▶ **RECORDS FOR THE TASK**:
____

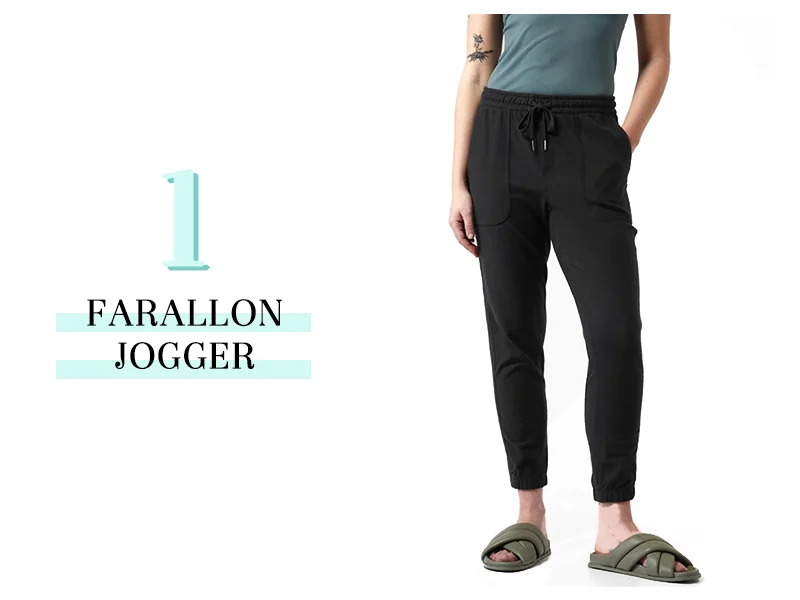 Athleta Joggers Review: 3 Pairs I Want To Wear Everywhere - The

____

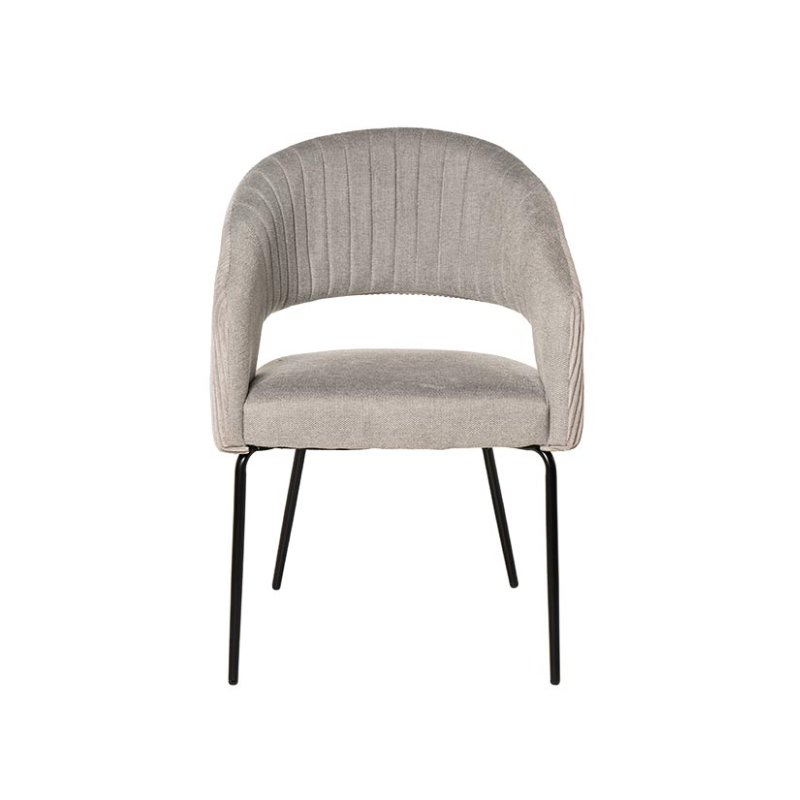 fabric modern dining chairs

____

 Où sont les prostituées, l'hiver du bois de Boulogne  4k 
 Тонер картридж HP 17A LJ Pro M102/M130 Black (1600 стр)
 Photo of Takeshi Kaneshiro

____

▶ **WORK INSTRUCTION**:
Given the data above, transcribe exactly the lines from the one containing "Où sont les" down to the one containing "Photo of Takeshi Kaneshiro", and no others.

▶ **REPLY TO THE EXERCISE**:
 Où sont les prostituées, l'hiver du bois de Boulogne  4k 
 Тонер картридж HP 17A LJ Pro M102/M130 Black (1600 стр)
 Photo of Takeshi Kaneshiro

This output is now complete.